Consider a Toeplitz matrix $T \in \mathbb{R}^{n \times p}$ with randomly independently generated entries and $n < p$. The entries of the Toeplitz matrix are generated by a continuous random variable. Now, let's take $n$ columns $T_1, \dots , T_n$ of $T$.
Are $T_1, \dots, T_n$ linearly independent with probability 1 for any such selection $T_1, \dots , T_n$?
We can prove this in 2 Steps:
Show that each $n \times n$ submatrix $T^\prime$ of $T$ is invertible.
From 1., it follows that each selection of $n$ columns must be linearly independent since they form a basis of $\mathbb{R}^n$.
Proof:
The determinant of every such submatrix $T^\prime$ is a polynomial $p(t_1, \dots, t_j)$, where $t_i$ are the diagonal entries.

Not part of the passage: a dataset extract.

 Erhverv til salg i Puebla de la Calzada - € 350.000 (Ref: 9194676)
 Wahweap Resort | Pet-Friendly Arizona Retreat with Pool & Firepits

We know that every polynomial has a finite set of arguments $(t_1, \dots, t_j)$, such that $p(t_1, \dots, t_j)=0$*. Hence, if for all $i$: $t_i\sim \mathbb{P}_i$ for continuous distributions $\mathbb{P}_i$, then the zero-set of $p$ is a set with measure $0$. Therefore, with probability 1 it holds that $\det(T^\prime)=p(t_1, \dots , t_j)\neq 0$, and hence $T^\prime$ must be invertible.
As already explained at the beginning of the answer, we can now derive that the columns of $T^\prime$ form a basis of $\mathbb{R}^n$, and therefore are linearly independent with probability $1$.
*Note that $p\neq 0$.